Authors Rohit Pandey, Pavel Pidlypenskyi, Shuoran Yang, and Christine Kaeser-Chen, all from Google, write, “Our key observation is that users’ hands and arms provide excellent context for where the controller is in the image, and are robust cues even when the controller itself might be occluded. To simplify the system, we use the same cameras for headset 6-DoF pose tracking on mobile HMDs as our input. In our experiments, they are a pair of stereo monochrome fisheye cameras. We do not require additional markers or hardware beyond a standard IMU based controller.”
The authors say that the method can unlock positional tracking for simple IMU-based controllers (like Daydream’s), and they believe it could one day be extended to controller-less hand-tracking as well.
Inside-out controller tracking approaches like Oculus’ Santa Cruz use cameras to look for for IR LED markers hidden inside the controllers, and then compare the shape of the markers to a known shape to solve for the position of the controller. Google’s approach effectively aims to infer the position of the controller by looking at the users arms and hands, instead of glowing markers.
To do this, they captured a large dataset of images from the headset’s perspective, which show what it looks like when a user holds the controller in a certain way.
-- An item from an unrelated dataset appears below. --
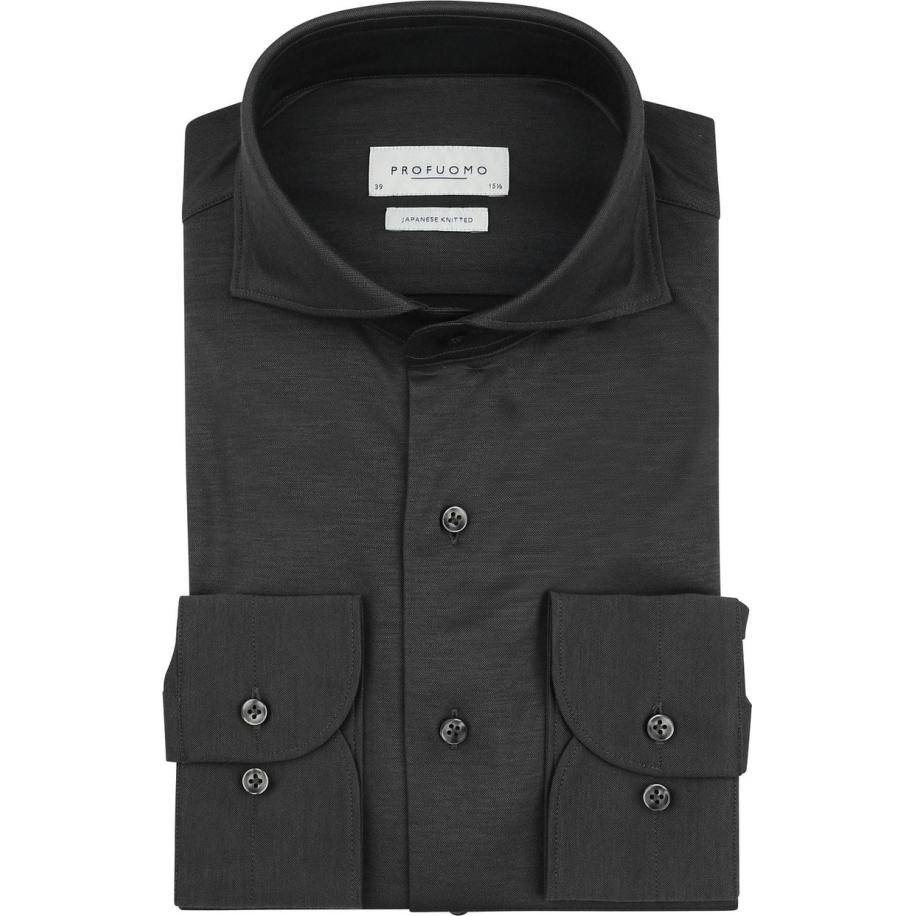 Profuomo Japanese Knitted Overhemd Antraciet Grijs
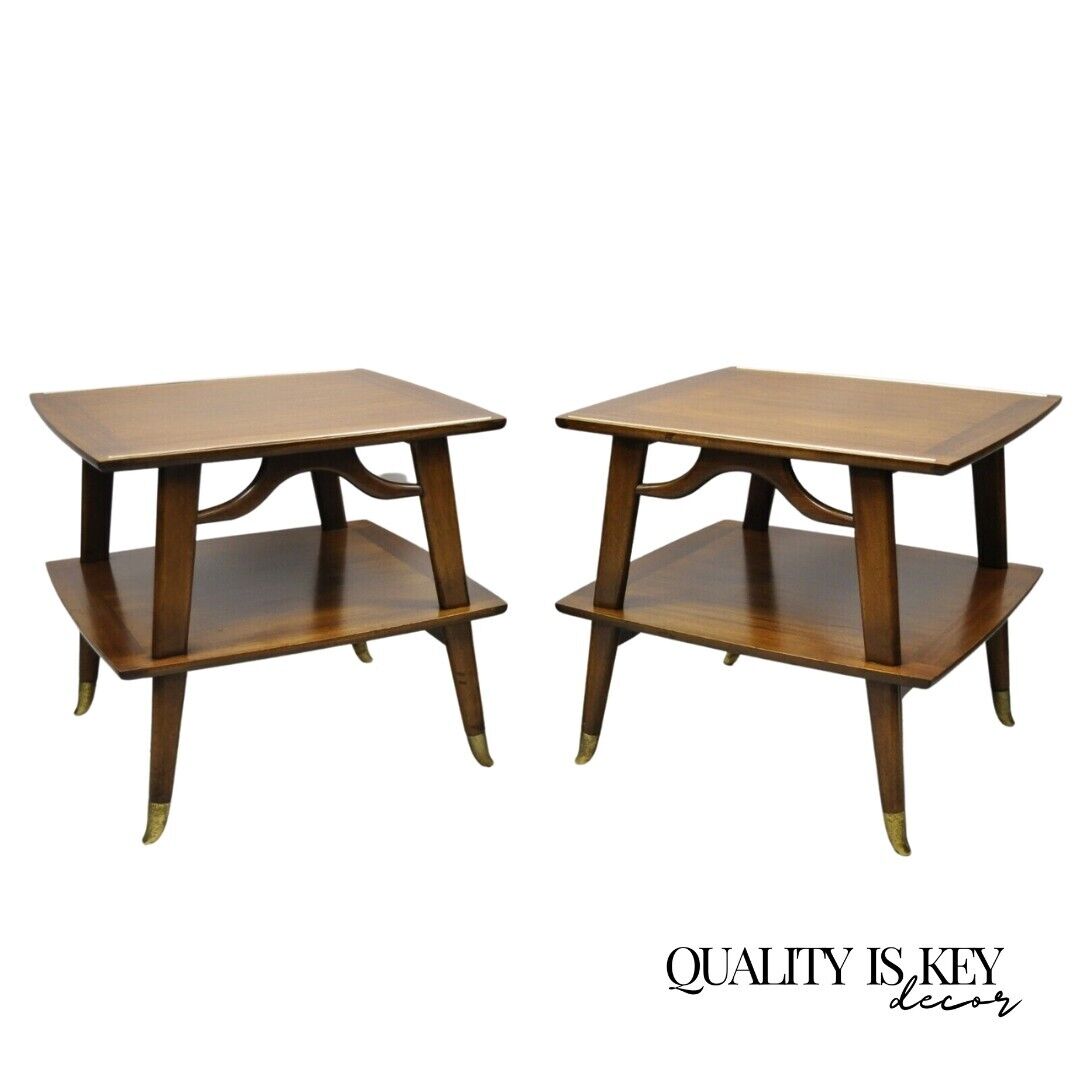 Mid Century Modern Brass Feet Sculpted Walnut 2 Tier Side End Tables - a Pair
Then they trained a neural network—a self-optimizing program—to look at those images and make guesses about the position of the controller. After learning from the dataset, the algorithm can use what it knows to infer the position of the controller from brand new images fed in from the headset in real time. IMU data from the controller is fused with the algorithm’s positional determination to improve accuracy.
A video, which has since been removed, showed the view from the headset’s camera, with a user waving what looked like a Daydream controller around in front of it. Overlaid onto the image was a symbol marking the position of the controller, which impressively managed to follow the controller as the user moved their hand, even when the controller itself was completely blocked by the user’s arm.
To test the accuracy of their system, the authors captured the controller’s precise location using a commercial outside-in tracking system, and then compared to the results of their computer-vision tracking system. They found a “mean average error of 33.5 millimeters in 3D keypoint prediction,” (a little more than one inch). Their system runs at 30FPS on a “single mobile CPU core,” making it practical for use in mobile VR hardware, the authors say.
And there’s still improvements to be made. Interpolation between frames is suggested as a next step, and could significantly speed up tracking, as the current model predicts position on a frame-by-frame basis, rather than sharing information between frames, the team writes.
As for the dataset which Google used to train the algorithm, the company plans to make it publicly available, allowing other teams to train their own neural networks in an effort to improve the tracking system. The authors believe the dataset is the largest of its kind, consisting of some 547,000 stereo image pairs, labeled with precise 6DOF position of the controller in each image. The dataset was compiled from 20 different users doing 13 different movements in various lightning conditions, they said.
– – — – –
We expect to hear more about this work, and the availability of the dataset, around Google’s annual I/O developer conference, hosted this year May 8th–10th.